The first petition in Luke’s version is the lynch pin for the rest of the prayer. The request that “Your Kingdom come” signifies both our sure hope that Christ will come again, and a request that the Father will bless our efforts to build up his Kingdom on earth. The Catechism of the Catholic Church notes that “there is a hierarchy in this petition: we pray first for the Kingdom, then for what is necessary to welcome it and cooperate with its coming.
What is necessary for our cooperation forms the basis for the rest of our petitions to God. First, for daily bread, teaching us to recognize our dependence on God for both physical and spiritual sustenance. We express our longing for Jesus, who is himself the Bread of Life. His body and blood are necessary nourishment for welcoming the Kingdom.
Next we pray for forgiveness.
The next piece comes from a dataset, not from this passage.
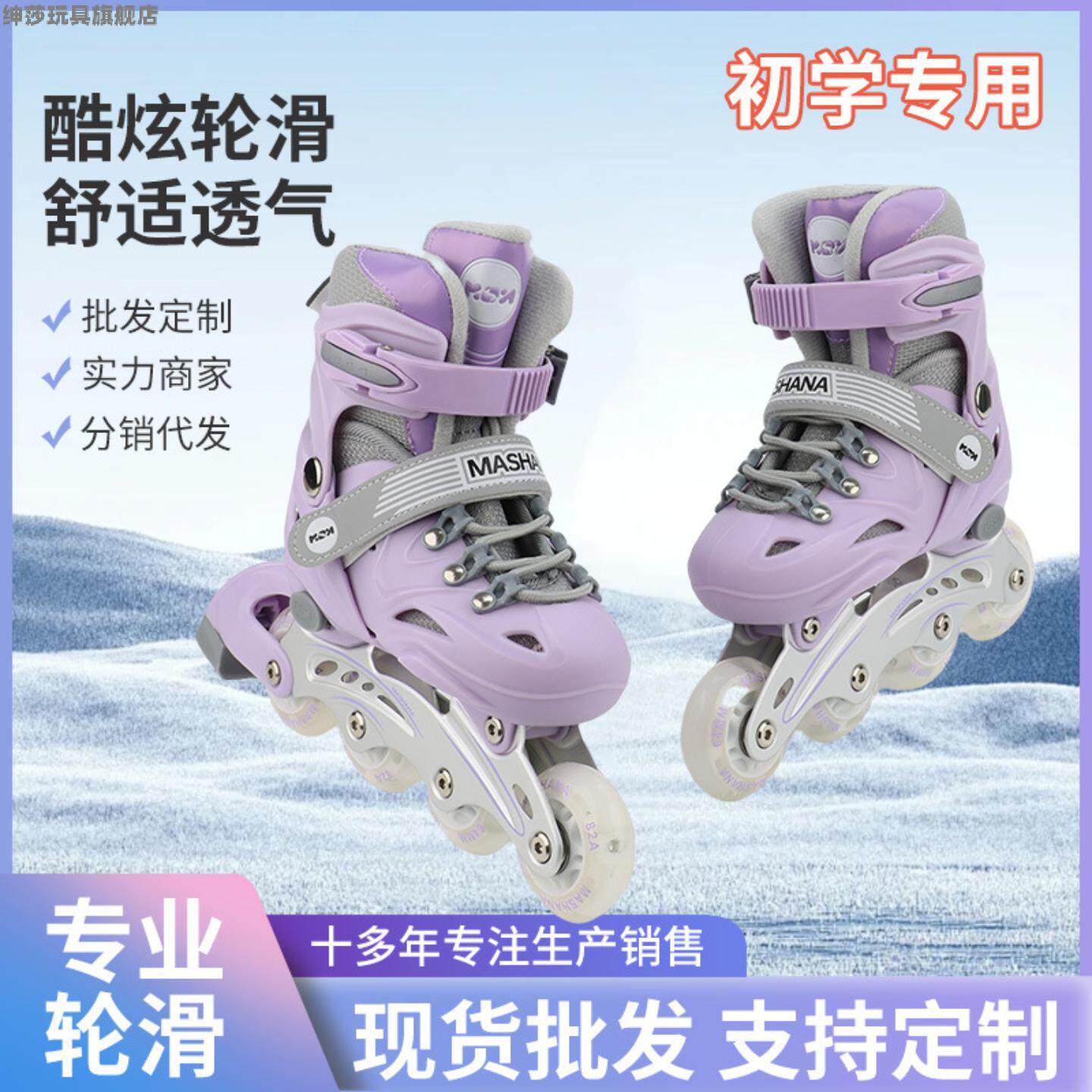 溜冰鞋儿童全套女孩旱冰轮滑鞋直排轮初学3-5-6-8-10岁可调闪光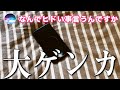 Siriと喧嘩したので仲直りしようとしたのに全然できない...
In order to forgive others, we must first receive God’s mercy and forgiveness. Christ is the Prince of Peace. If we want to live in his Kingdom, we must seek to be at peace in our own hearts and with our neighbors.
Finally we pray for deliverance from the final trial. All of us will face judgment at the end of our lives and at the end of time. We pray that we will be ready when our time comes.
At the Lord’s Prayer helps us to speak to the Father, the rosary helps us to ask our Holy Mother for her assistance and intercession, assistance and intercession which see us through every day struggles. Our perfect mother, praying her most perfect prayers to God, who is our Father, for our sake.